Andor season 1 has just finished, and it’s been phenomenal. Right from the start, the series has been an engaging exploration of a galaxy that is now under the thumb of oppression, with clever writing and direction. Showrunner Tony Gilroy has proved once again that he understands what is needed to make good Star Wars, but this isn’t to forget the brilliant performances, masterful direction, beautiful cinematography and great score.

One of the ways that the season differs from most of the projects that Disney has so far released is its intense political focus. From lofty buildings on Coruscant to the cold caves where revolutionaries plot, there is no shying away from the machinations that are rarely shown. But that’s not the only politics the show has to offer. Throughout the series, there is a social commentary on our society and history, holding up a damning mirror. Gilroy mentioned this in an interview for Variety. Modern politics is less of a concern for him, but if it does land, then “it’s just like the mirror.”

How has Donald Trump inspired Andor?

In an interview with Empire Magazine, Maarva actress Fiona Shaw explains that Andor is a “scurrilous take on the Trumpian world” with “people’s rights disappearing.” This is a highly polarising viewpoint, but it’s clear where she got the idea from.

In the final episode of Andor, Maarva gives an inspiring speech about the need to rebel, telling the citizens of Ferrix that they’ve been asleep and that they need to wake up and fight the Empire. This causes the citizens to protest, throwing themselves at the Imperial line, trying to get to the Imperial hotel. Wilmon Paak, having seen his father unjustly killed by the Empire, builds and launches a bomb into the Imperial line, prompting them to relentlessly open fire on the other rioters, rioters who don’t have the means of deadly force like the Empire.

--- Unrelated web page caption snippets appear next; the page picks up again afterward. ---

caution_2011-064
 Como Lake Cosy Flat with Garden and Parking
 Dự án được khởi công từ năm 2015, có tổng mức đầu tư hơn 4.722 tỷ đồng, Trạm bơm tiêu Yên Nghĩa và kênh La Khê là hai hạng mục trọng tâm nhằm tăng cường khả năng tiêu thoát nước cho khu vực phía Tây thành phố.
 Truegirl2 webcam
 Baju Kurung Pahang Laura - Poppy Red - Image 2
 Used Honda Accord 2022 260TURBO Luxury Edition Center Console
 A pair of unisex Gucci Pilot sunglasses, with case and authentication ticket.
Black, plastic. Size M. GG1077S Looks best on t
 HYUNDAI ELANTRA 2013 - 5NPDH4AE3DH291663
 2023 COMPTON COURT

The riots on Ferrix seem to bear a hallmark of those that happened in Portland, 2020. The city of Oregon experienced intense unrest in the wake of George Floyd’s death, with some turning riotous and violent. Donald Trump, always a huge proponent of police power and heavy action, decided to send in federal law enforcement, with disastrous effects. Many agents wore camouflage uniforms, operated without identification, and unloaded tear gas onto protestors. Agents even used unmarked vehicles to detain people in the night.

This response was criticised as “performative authoritarianism,” and “made for TV fascism.” The American Civil Liberties Union put out a statement criticising the militarized federal officers. What happened in Portland is likely what Fiona Shaw is referring to here, with the people of Portland losing their rights to freedom of speech to the evil of Donald Trump. This behaviour from Trump is certainly one the Empire indulges in on Ferrix. Both abuse their power at the expense of others.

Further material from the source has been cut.